In this case we discover a Pareto front of candidate designs in 3 dimensions (1 dimension for each of the objectives).
Observing how the Machine Learning system came to this optimal front reveals that the 3 objectives do not compete very strongly. That is, by maximising one objective we also seem to, in general, maximize the other two.
Therefore the overall design gradient is moderately correlated in all 3 dimensions. This makes our design choice quite easy - we do not have to compromise one objective against the others.
Nevertheless, a Pareto front is constructed, which, by definition, shows that for every ‘optimal’ design there is a mild pay-off in performance objectives against all other designs.

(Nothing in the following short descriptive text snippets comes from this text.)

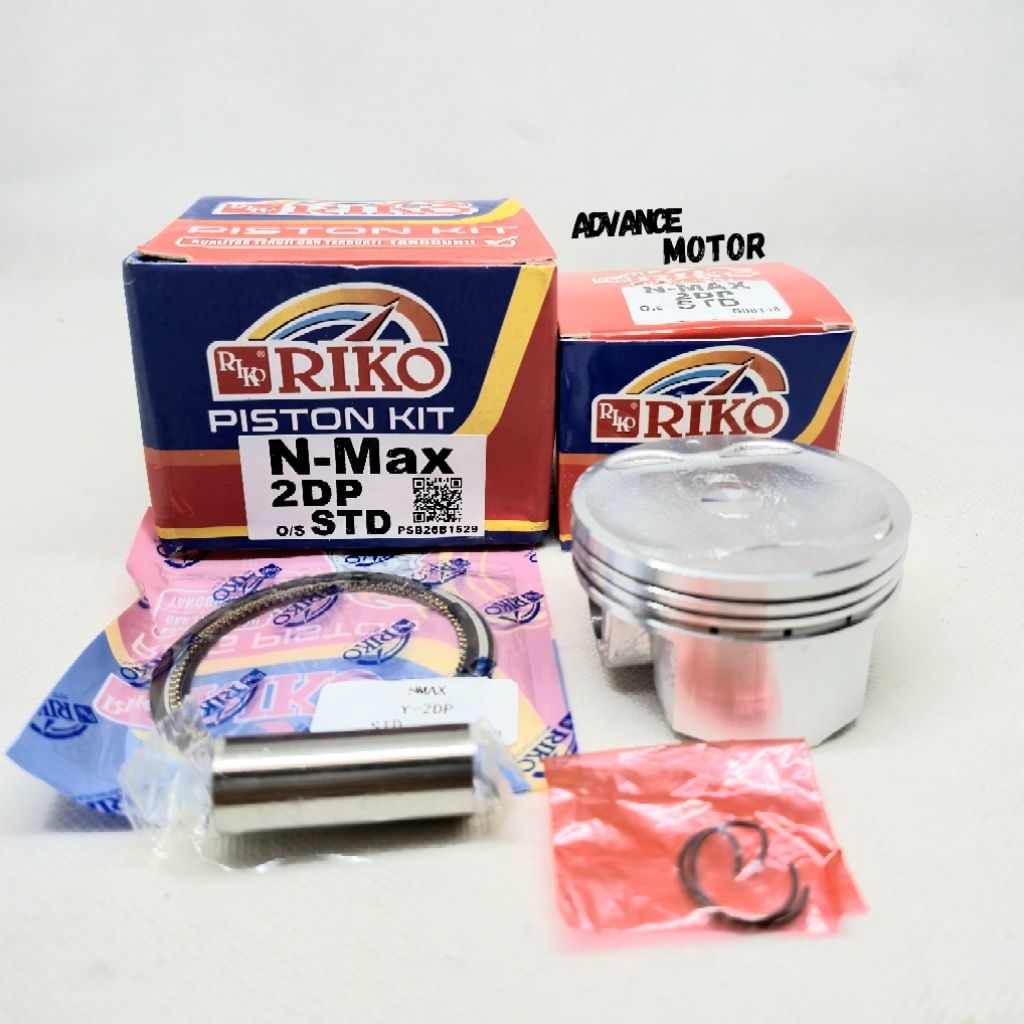 PISTON KIT N-MAX (2DP) O/S STD ORIGINAL RIKO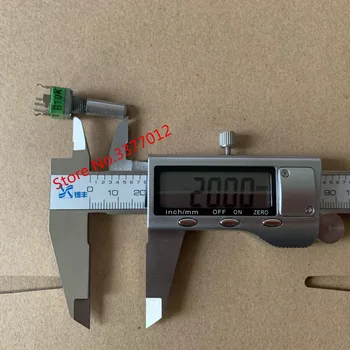 

5pcs Taiwan ALPHA Alfa type 09 precision potentiometer, single B10K, half shaft, long 20MM belt, central positioning point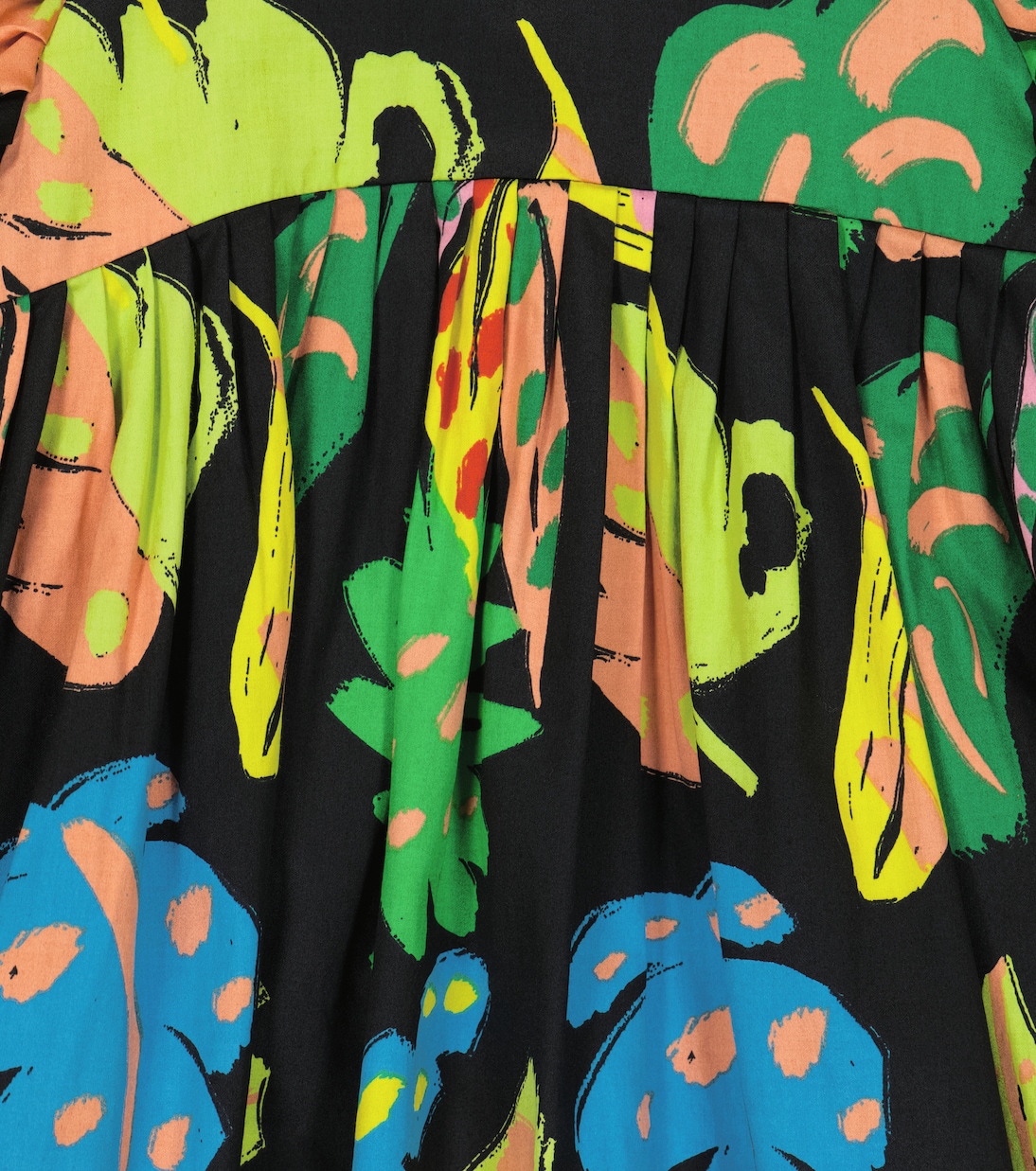 Printed puff-sleeve cotton dress | Stella McCartney Kids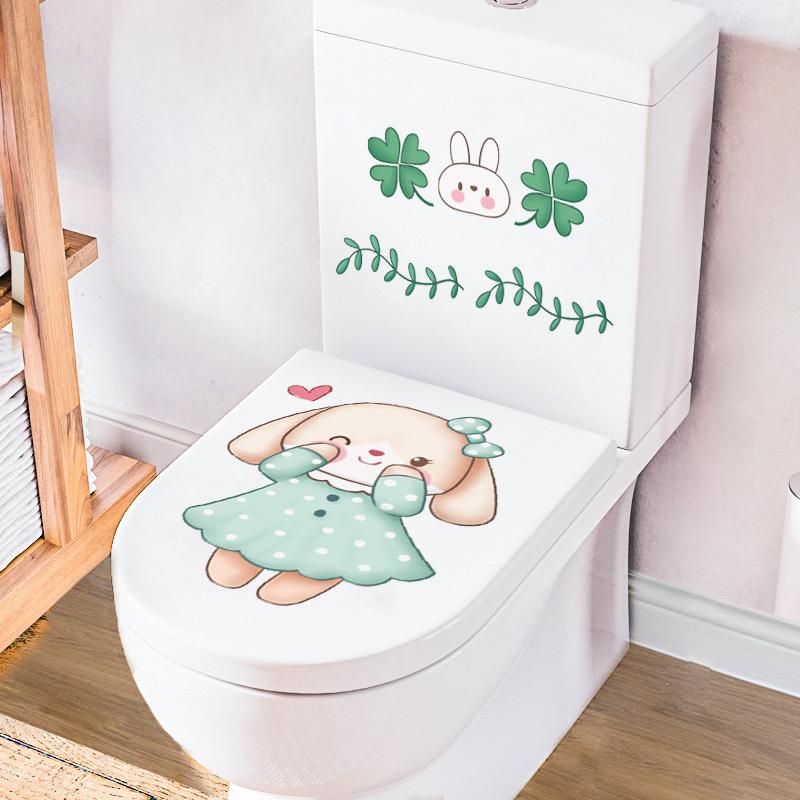 

Водостойкая наклейка на унитаз для ванной комнаты, крышка сиденья, наклейки, съемная виниловая художественная наклейка из ПВХ, наклейка с цветами на холодильник белый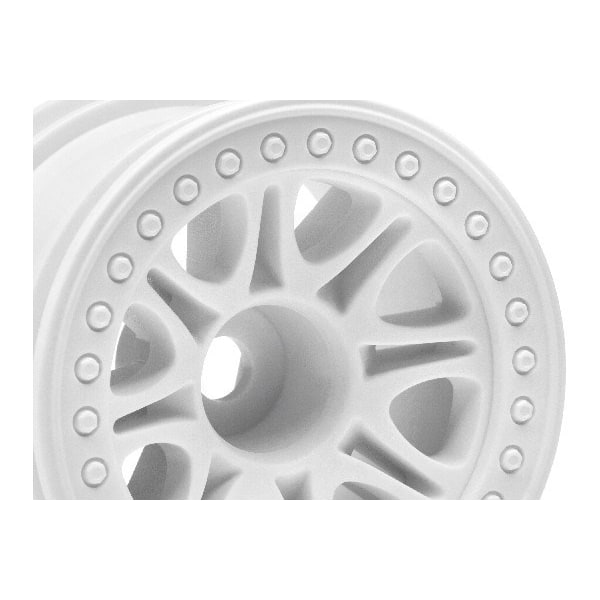HPI Split 8 Truck Wheel (White/2Pcs)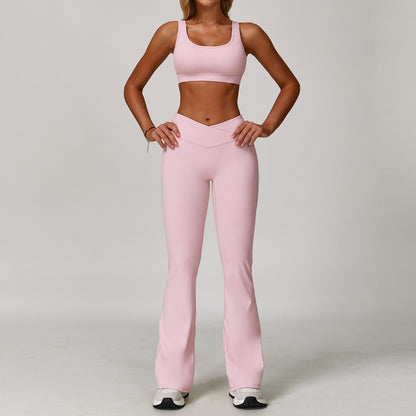 Women's Contrast Yoga Fitness Set
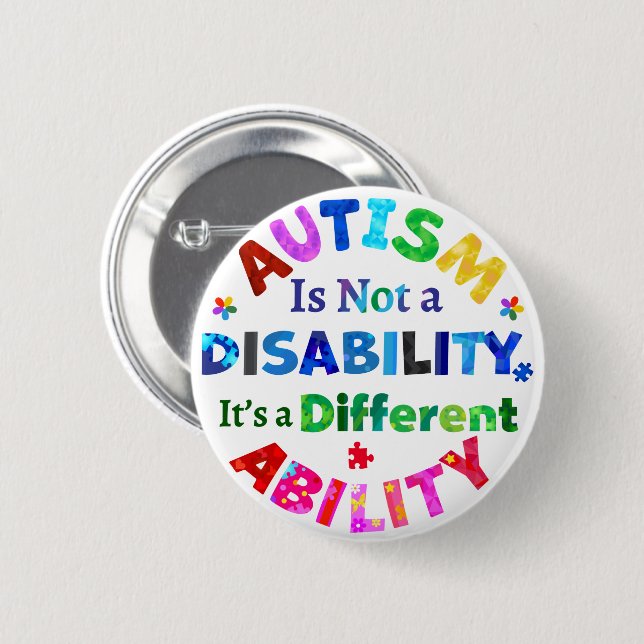 AUTISMUS ist keine Behinderung Button (Vorne & Hinten)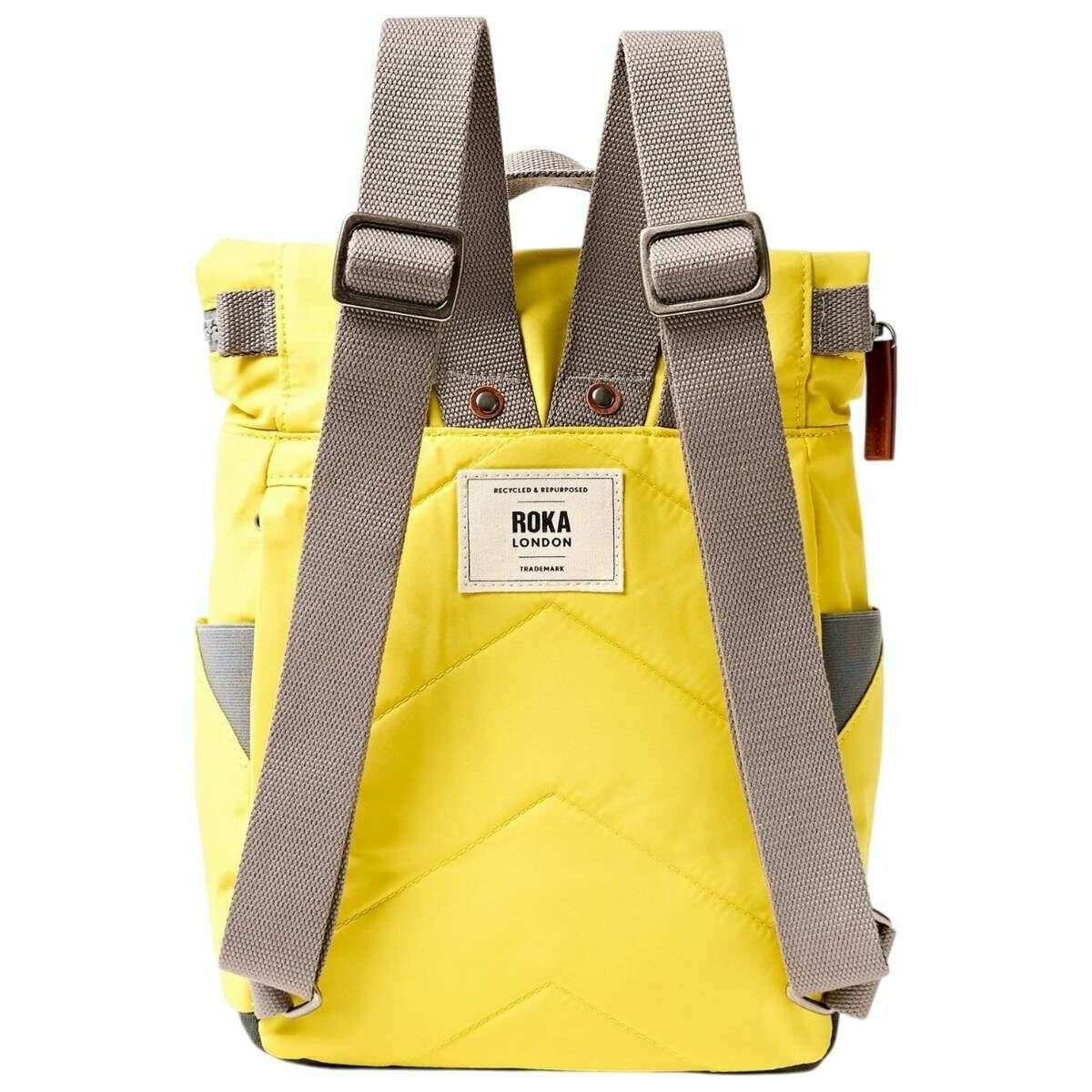 Roka Canfield B Small Recycled Nylon Backpack - Passion Fruit Yellow - Image 2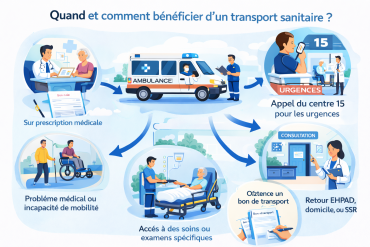 Quand et comment bénéficier d’un transport sanitaire ?
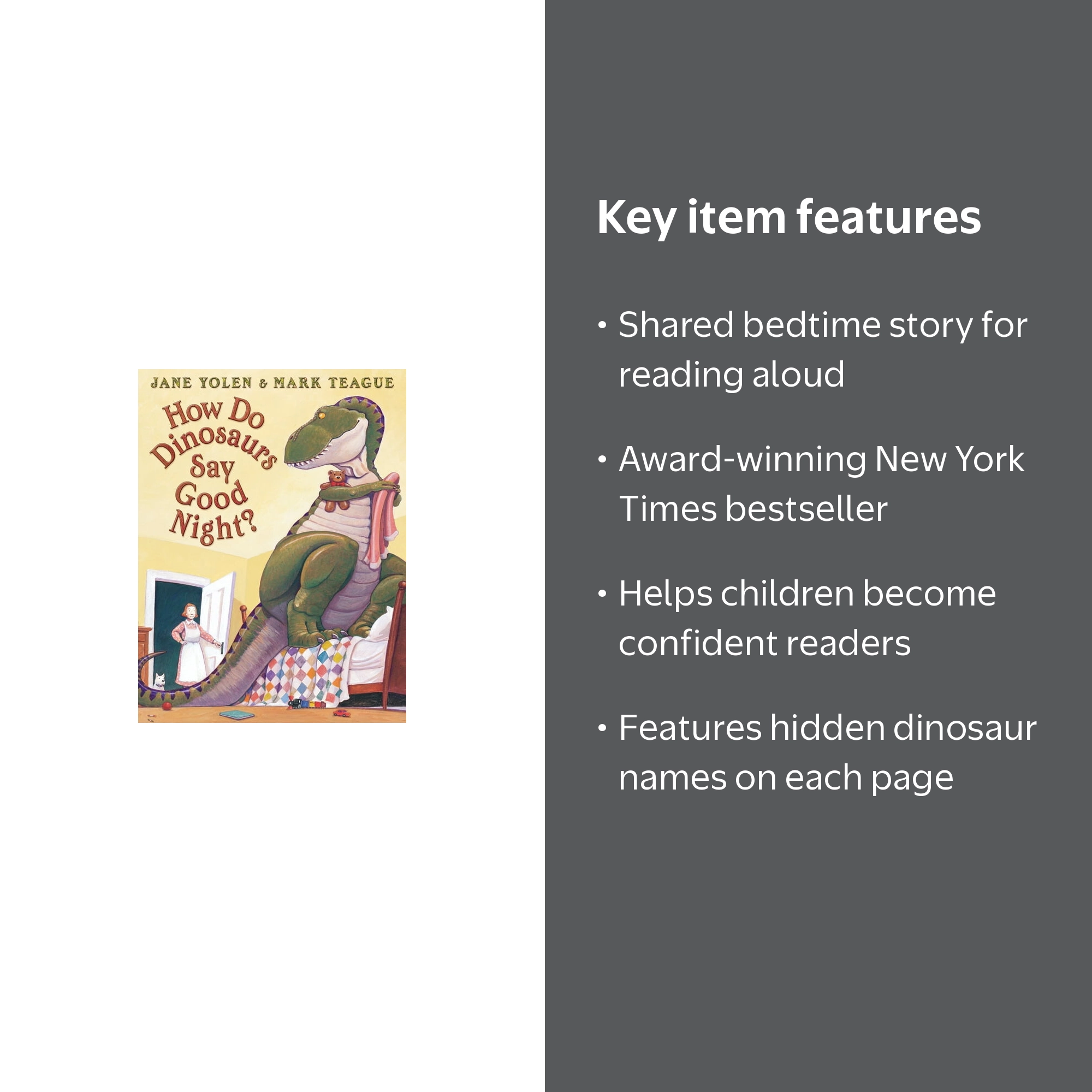 Mark Teague, Children's Book, How Do Dinosaurs Say Good Night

Figure 4: Surrogate Pareto front of optimal solutions - design point pressure ratio pressure vs surge side efficiency. All points on this plot are Pareto optimal, we are viewing a 3-dimensional front in 2 dimensions.
Figure 5: Baseline geometry (left) compared with optimized geometry (right)
For any surrogate model point we can run the candidate through 3D Inverse Design to generate the actual blade shape, and then send to CFD under the same meshing, pre-processing and boundary conditions as the baseline and optimization points to get a final assessment of performance. By doing so we find that our chosen optimum returns a very good improvement over the baseline in all objectives.
Figure 6: Performance improvement of the optimum design (red) over the baseline (blue)
The full speedline shows that we have extended map width by maintaining the surge margin (as far as can be ascertained by CFD numerical stability) and significantly increased margin on the choke side.
The gain in overall efficiency is so significant (2-4 pts) that it would be fairly straightforward to gain more surge margin by profile trimming this blade.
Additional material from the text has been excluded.